### DATA FOR THIS TASK
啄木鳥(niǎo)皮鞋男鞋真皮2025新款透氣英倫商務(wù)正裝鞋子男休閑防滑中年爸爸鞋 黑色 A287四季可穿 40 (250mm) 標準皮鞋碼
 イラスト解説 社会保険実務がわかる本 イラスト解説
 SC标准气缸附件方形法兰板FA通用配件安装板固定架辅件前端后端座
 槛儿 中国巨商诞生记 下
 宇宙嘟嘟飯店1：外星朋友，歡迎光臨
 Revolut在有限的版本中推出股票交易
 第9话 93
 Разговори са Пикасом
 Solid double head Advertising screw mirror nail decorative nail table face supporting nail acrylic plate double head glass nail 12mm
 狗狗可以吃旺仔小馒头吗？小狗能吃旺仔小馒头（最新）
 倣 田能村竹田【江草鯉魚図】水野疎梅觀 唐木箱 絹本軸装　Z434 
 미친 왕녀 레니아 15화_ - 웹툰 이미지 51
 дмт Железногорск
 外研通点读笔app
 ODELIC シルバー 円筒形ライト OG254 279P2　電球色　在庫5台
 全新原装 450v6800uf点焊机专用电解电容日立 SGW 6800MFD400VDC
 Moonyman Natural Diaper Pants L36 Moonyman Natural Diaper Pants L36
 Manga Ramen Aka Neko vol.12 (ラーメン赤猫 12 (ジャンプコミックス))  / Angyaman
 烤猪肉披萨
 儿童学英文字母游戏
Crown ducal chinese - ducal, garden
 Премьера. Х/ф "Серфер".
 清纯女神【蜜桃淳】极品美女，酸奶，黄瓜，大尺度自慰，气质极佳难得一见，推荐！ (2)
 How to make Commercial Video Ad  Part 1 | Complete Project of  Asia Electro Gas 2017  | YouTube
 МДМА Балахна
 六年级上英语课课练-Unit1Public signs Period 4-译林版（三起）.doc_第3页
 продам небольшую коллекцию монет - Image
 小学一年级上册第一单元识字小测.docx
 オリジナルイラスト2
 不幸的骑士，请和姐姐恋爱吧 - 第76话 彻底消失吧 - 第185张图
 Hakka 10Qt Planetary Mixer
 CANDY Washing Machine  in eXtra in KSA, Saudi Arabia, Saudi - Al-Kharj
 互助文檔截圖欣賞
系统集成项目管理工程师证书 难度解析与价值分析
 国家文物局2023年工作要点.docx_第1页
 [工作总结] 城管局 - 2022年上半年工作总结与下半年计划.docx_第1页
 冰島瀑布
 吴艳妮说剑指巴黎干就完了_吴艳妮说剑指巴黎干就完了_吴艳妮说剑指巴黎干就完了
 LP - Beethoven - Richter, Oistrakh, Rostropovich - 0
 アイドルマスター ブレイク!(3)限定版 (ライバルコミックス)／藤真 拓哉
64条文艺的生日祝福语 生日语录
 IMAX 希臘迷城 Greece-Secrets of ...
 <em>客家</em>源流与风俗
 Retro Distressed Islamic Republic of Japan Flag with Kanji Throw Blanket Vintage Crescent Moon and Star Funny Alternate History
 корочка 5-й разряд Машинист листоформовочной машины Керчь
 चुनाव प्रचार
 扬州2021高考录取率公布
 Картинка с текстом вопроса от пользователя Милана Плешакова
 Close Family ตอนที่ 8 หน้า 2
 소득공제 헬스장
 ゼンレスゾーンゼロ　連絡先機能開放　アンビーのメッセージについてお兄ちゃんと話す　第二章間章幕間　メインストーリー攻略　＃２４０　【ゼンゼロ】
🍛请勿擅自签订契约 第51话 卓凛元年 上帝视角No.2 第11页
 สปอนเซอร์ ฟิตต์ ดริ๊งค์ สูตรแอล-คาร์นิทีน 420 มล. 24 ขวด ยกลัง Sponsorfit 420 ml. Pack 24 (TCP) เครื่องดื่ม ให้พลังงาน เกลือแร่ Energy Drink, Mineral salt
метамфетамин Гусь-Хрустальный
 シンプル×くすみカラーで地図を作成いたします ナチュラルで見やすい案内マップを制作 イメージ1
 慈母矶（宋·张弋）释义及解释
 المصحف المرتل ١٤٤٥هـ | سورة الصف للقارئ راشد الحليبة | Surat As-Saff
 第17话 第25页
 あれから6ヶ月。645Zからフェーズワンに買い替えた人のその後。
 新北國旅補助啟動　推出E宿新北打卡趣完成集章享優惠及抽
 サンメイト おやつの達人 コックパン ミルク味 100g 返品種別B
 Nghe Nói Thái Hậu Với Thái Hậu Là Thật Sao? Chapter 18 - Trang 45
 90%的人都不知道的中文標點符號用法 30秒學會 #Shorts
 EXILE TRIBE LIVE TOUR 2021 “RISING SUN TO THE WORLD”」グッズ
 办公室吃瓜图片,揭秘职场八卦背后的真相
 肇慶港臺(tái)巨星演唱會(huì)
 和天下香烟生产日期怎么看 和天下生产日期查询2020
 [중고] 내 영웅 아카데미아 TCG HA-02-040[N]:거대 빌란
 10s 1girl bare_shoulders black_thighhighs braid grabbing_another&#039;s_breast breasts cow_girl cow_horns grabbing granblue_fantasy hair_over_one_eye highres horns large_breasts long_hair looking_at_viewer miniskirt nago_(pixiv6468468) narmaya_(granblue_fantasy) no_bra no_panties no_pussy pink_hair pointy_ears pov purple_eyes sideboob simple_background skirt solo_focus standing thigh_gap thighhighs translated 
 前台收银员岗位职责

### TASK OBJECTIVE
Beginning at the line above that contains "Close Family ตอนที่ 8 หน้า 2", return each line exactly through the line that contains "[중고] 내 영웅 아카데미아 TCG HA-02-040[N]:거대 빌란", and no others.

### SOLUTION TO THIS PROBLEM
 Close Family ตอนที่ 8 หน้า 2
 소득공제 헬스장
 ゼンレスゾーンゼロ　連絡先機能開放　アンビーのメッセージについてお兄ちゃんと話す　第二章間章幕間　メインストーリー攻略　＃２４０　【ゼンゼロ】
🍛请勿擅自签订契约 第51话 卓凛元年 上帝视角No.2 第11页
 สปอนเซอร์ ฟิตต์ ดริ๊งค์ สูตรแอล-คาร์นิทีน 420 มล. 24 ขวด ยกลัง Sponsorfit 420 ml. Pack 24 (TCP) เครื่องดื่ม ให้พลังงาน เกลือแร่ Energy Drink, Mineral salt
метамфетамин Гусь-Хрустальный
 シンプル×くすみカラーで地図を作成いたします ナチュラルで見やすい案内マップを制作 イメージ1
 慈母矶（宋·张弋）释义及解释
 المصحف المرتل ١٤٤٥هـ | سورة الصف للقارئ راشد الحليبة | Surat As-Saff
 第17话 第25页
 あれから6ヶ月。645Zからフェーズワンに買い替えた人のその後。
 新北國旅補助啟動　推出E宿新北打卡趣完成集章享優惠及抽
 サンメイト おやつの達人 コックパン ミルク味 100g 返品種別B
 Nghe Nói Thái Hậu Với Thái Hậu Là Thật Sao? Chapter 18 - Trang 45
 90%的人都不知道的中文標點符號用法 30秒學會 #Shorts
 EXILE TRIBE LIVE TOUR 2021 “RISING SUN TO THE WORLD”」グッズ
 办公室吃瓜图片,揭秘职场八卦背后的真相
 肇慶港臺(tái)巨星演唱會(huì)
 和天下香烟生产日期怎么看 和天下生产日期查询2020
 [중고] 내 영웅 아카데미아 TCG HA-02-040[N]:거대 빌란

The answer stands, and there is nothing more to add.